The MPC, or music production center, a powerful type of drum machine, provides sample beats to create the rhythms of hip-hop; it’s been the standard in the genre for the last 30 years, though, as Mitchell says, “the MPC was never meant for hip-hop—it was created for rock.”
Emmanuel, president of Beat Kangz, says at the core there’s a disconnect between the developers of the technology and the artists. “The music equipment industry is run by older white men. They just don’t understand hip-hop and they don’t know how to speak to the market.”
To address this gap, the team has developed the Beat Thang Music Production System ($999), a portable music production machine, which will be released later this year. “Beat Thang supplies not just synthesized drum sounds, but a full range of synth and acoustic instruments to create with—keys, strings, guitars, bells, special effects, vocal effects, etc.,” notes Mitchell. “The MPC needs an outlet, but BT can be charged and then run on batteries like a laptop.” The company has also created Beat Thang Virtual for the Macintosh and PC ($149), a software solution that ships with more than 3,000 original sounds. It’s available at Beat Kangz’s Website and through retailers such as Guitar Center and Sam Ash Music. And, of course, they’ve created an iPhone app, Playa Thang.
With the products, Mitchell says, “We’re speaking to an audience that hasn’t been spoken to before.” Emmanuel adds, “The kinds of machines we wanted weren’t being created. We wanted to show the industry that there’s a whole group of people that are underserved.”

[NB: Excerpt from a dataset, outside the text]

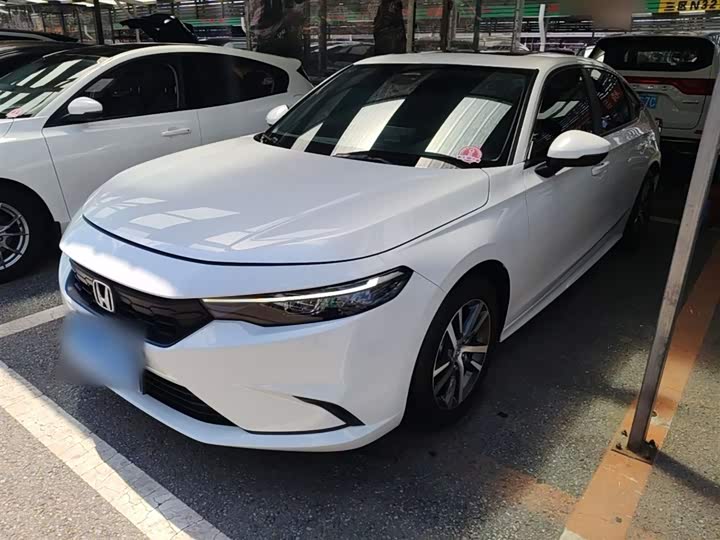 Honda Integra 2023 2023款 240TURBO CVT领先版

The two are not novices in this space. Mitchell, a former computer scientist with the U.S. Geological Survey, helped adapt GPS from military to civilian use and is an award-winning artist and producer. Emmanuel is a former international representative for Sam Ash Music Corp. and Samson Technologies, and an independent hip-hop artist. In 2004, the two collaborated on the SB-246 StreetBoxx for Tokyo-based Zoom Corp., developing the concept and sound set design, and identifying the target market.
Mitchell and Emmanuel combined forces (with another co-founder, Luke Jackson) to form Beat Kangz Electronics in 2007. That same year they secured $1.5 million in venture funding from BPI Entertainment Group L.L.C.; they expect revenues of $9 million by year-end.
“There is a paradigm shift taking place in the music industry,” says Mitchell. Lately there’s a flood of artists looking into tech. It just makes sense to service the independent artist.” What’s next for Beat Kangz? “We’re listening to the market,” Mitchell says. “We want to be driven by the voice of the people.”